The former IndyCar star turned prolific team owner has won three of the last four Indianapolis 500s and five overall, second only to Roger Penske’s 16 Indy 500 triumphs.

Along the way, in addition to expanding his own IndyCar and Indy Lights operation, the son of Mario Andretti and the primary shareholder of Andretti Autosport has also branched out into Global RallyCross and Formula E racing in recent years.

And now, Andretti has further expanded his brand internationally, following Penske to the world down under — as in the world of Australian V8 Supercars.

Andretti has teamed with Supercars team owner Ryan Walkinshaw, along with veteran motorsports marketer and executive director of McLaren Technology Group and United Autosports owner and chairman, Zak Brown.

Together, the three have formed Walkinshaw Andretti United, based in suburban Melbourne, Australia. The new team kicks off the new season with the Adelaide 500 from March 1-4.

“It’s just extending our brand and putting it out there,” Andretti told NBC Sports. “The Supercars are such a great series.

“It all started with Zach Brown calling me and said ‘You have to talk to Ryan Walkinshaw. He’s got something interesting to talk to you about.’

“We talked and literally in like a half-hour, we said, ‘Let’s figure out how we’re going to make this work.’ And then Zack was like, ‘Hey, what about me?’ And then Zack came in as a partner and it’s cool now that we have the Walkinshaw Andretti United team.

“I’m really excited about that program, the guys at the shop are excited about it, we’ve been doing a lot of things to try and help it because it’s such a cool series and the cars are so cool.

“I went down there to Bathurst, which was to me one of the coolest tracks in the world. I wish I could have driven it, I really do. It looks like a blast.

“It’s amazing how big that series is when you go down there. It’s one of the biggest sports in Australia. It was just a great opportunity for us to extend our portfolio.”

Admittedly, Andretti had some extra incentive to want to get involved in the Supercars world: Penske joined forces with legendary Dick Johnson Racing in September 2014.

The organization came together quickly and the rebranded DJR Team Penske went on to win the 2017 V8 Supercars championship.

“Roger was down there the last few years,” Andretti said, adding that fact as incentive to get his own organization into the series. “So it’s cool to go race head-to-head with Roger. That was also in the back of our minds.”

This is no start-up venture for Andretti. The roots of the new venture began in 1990 as the Holden Racing Team, which went on to become one of the most successful organizations in Australian V8 Supercar racing, having won the drivers’ championship six times and the Virgin Australia Supercars Championship’s top race, the Bathurst 1000 (essentially Australia’s version of the Indy 500), seven times.

Last season, Holden Racing team morphed into Triple Eight Race Engineering and was renamed Mobil 1 HSV Racing.

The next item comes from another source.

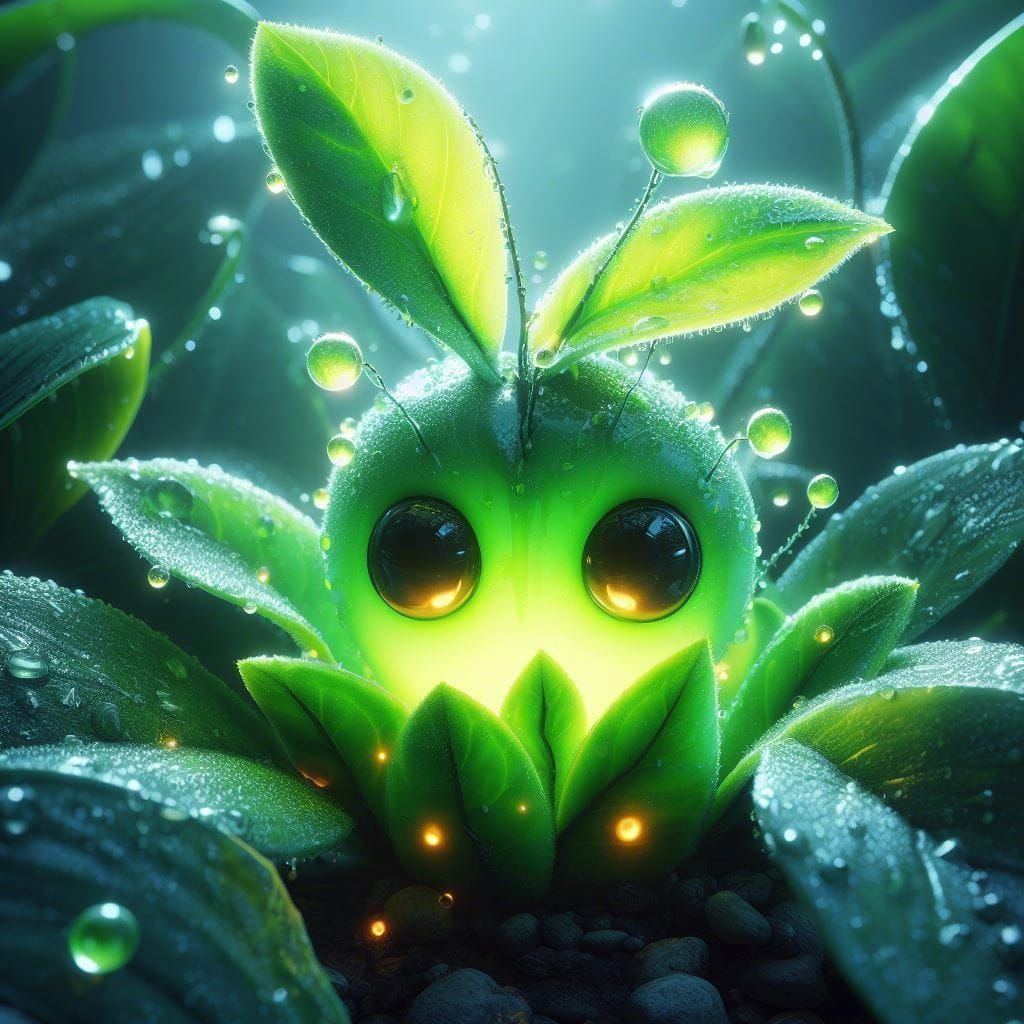 Adorable Bioluminescent Plant with Big Eyes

And now the company has been renamed once again for the 2018 campaign under the Walkinshaw Andretti United banner.

The team will be composed of two Holden ZB Commodores with drivers James Courtney and Scott Pye, as well as a Porsche 911 GT3-R in the Australian GT championship.

What’s next for Andretti’s motorsports portfolio? Right now, it’s pretty full, but you can bet running for championships from Australia (Supercars) to globally (GRC) to Indianapolis (Indy 500) to the U.S. (Verizon IndyCar Series) are at the top of this year’s list.